I've mentioned my ba noi (paternal grandmother) before here and there, but I've never really talked about her. I've been asked several times recently how I learned to cook, and with these several months old photos of my ba noi's death anniversary dinner still unposted, I figured Mother's Day was an appropriate time as any. While I have many, many loving memories of ba noi, the food memories are the strongest.
As far back as I can remember, I and all 19 of her other grandchildren and even visiting friends, have memories of wiping banana leaves in the kitchen as she made banh nam (Vietnamese steamed flat rice flour with pork and shrimp wrapped in banana leaves) for the family. While I wiped, ba noi told stories about her childhood or my dad's childhood.
There she is concealed behind the purple cupflowers. The pictures are from her death anniversary dinner several months ago. In case you missed it, I explained about death anniversaries and ancestor worship.

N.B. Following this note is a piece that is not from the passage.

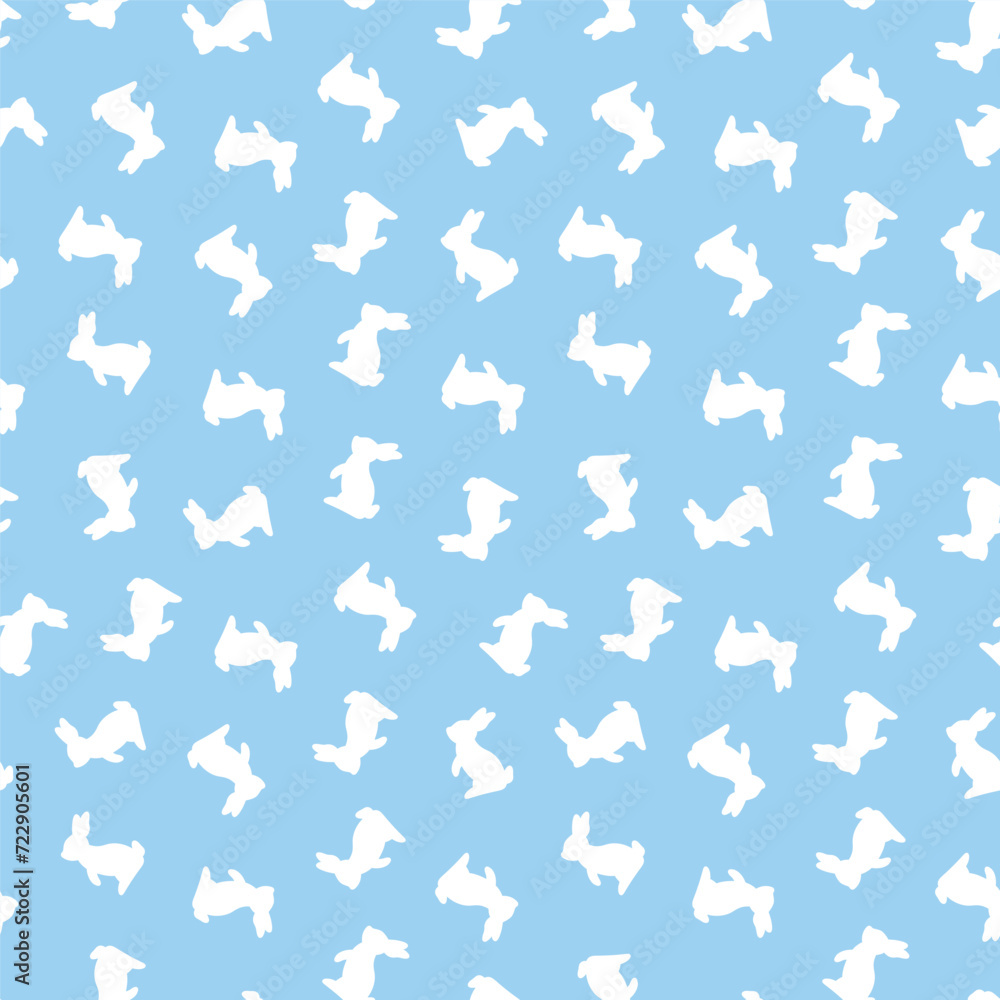 Blue seamless pattern with white rabbits Blue seamless pattern with white rabbits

It didn't matter if I had heard the story before. I never tired of hearing about how her mother died when she was a little girl. How she had to quit school to help her father take care of her two sisters and two or was it three brothers?, all of the boys died in childhood. How she married my Chinese grandfather because he promised not to uproot her from her village so she could stay and take care of her father. But in the end, he returned back to China anyway, abandoning her when she was pregnant with her sixth child. He had abandoned her before (when she was pregnant with her second child (my dad), and yet she had taken him back when his brother forced him to return). And she still took in and raised three more children, when their parents had died or abandoned them.

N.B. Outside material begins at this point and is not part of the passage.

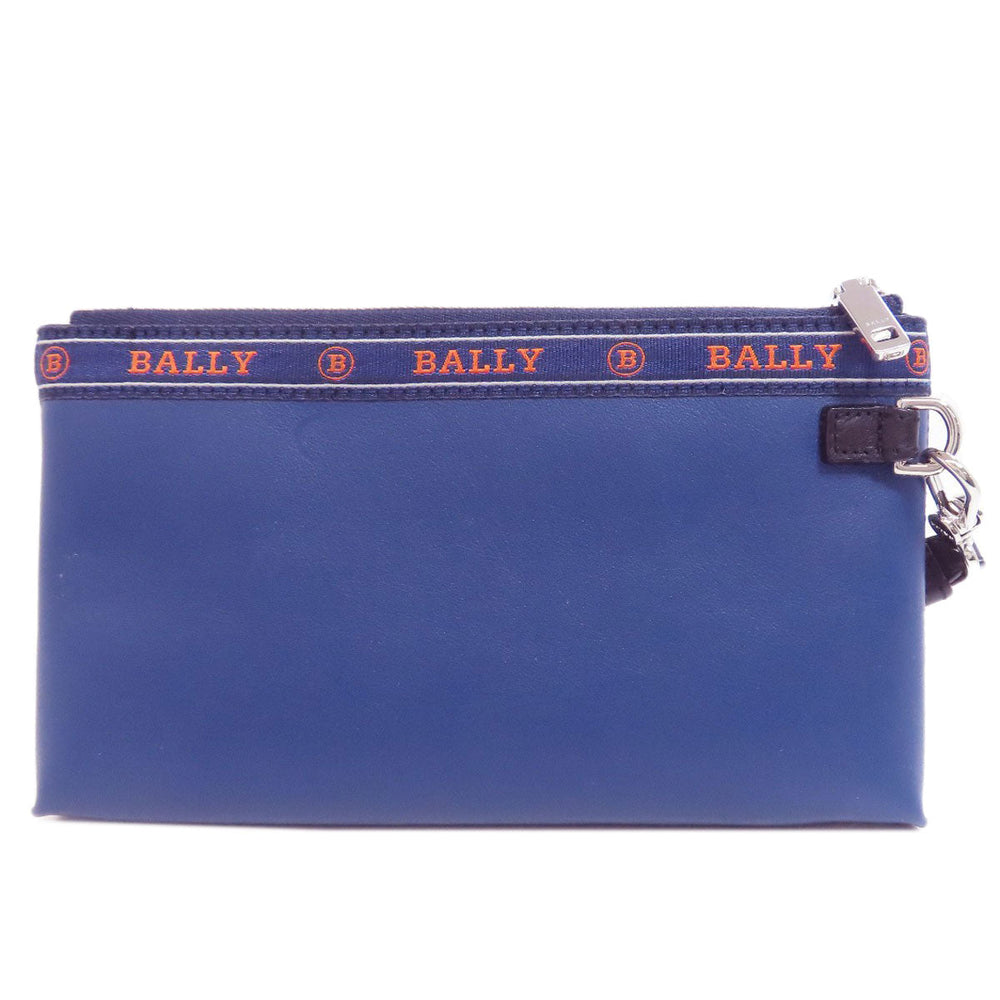 BALLY business bag leather blue Pouch Barry Stripe mens Used Authentic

She worked tirelessly. During times of famine when she couldn't afford rice, she picked rau den (Vietnamese amaranth), a nutritious weed, to feed her children. She was enterprising -- picking bananas, slicing them, drying them, and selling them for profit. She scrimped and saved and managed to build a nice cement house next door to her father's house, in the countryside where mud floors and straw houses were more common. She scrimped and saved and managed to move her kids to the small town where I was born. There she bought a nice two-storey house, and operated a store downstairs.

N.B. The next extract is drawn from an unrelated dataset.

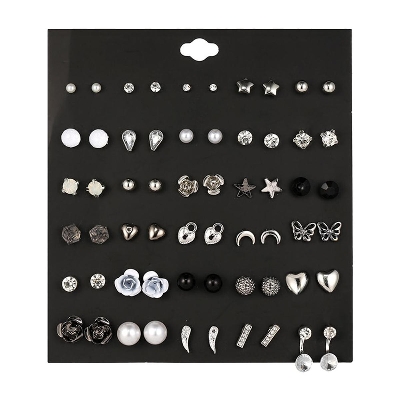 Picture of 30 pairs/Set Silver & Black Colour Geometry Rose Different Shape Stud Earring Set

And when the Vietnam War ended and my father and two of my uncles were sent to re-education camps, she scrimped and saved some more so that all of her kids and grandkids could buy passage on a small fishing boat to escape Vietnam. And after four nights and three days at sea to reach Hong Kong, and months and months in the refugee camps, she started life all over again in America. But ba noi never rested, and at an age when she should have been retiring, she helped out her kids at their janitorial jobs and on weekends picked berries for $2 a flat, or cucumbers for 33 cents a pound.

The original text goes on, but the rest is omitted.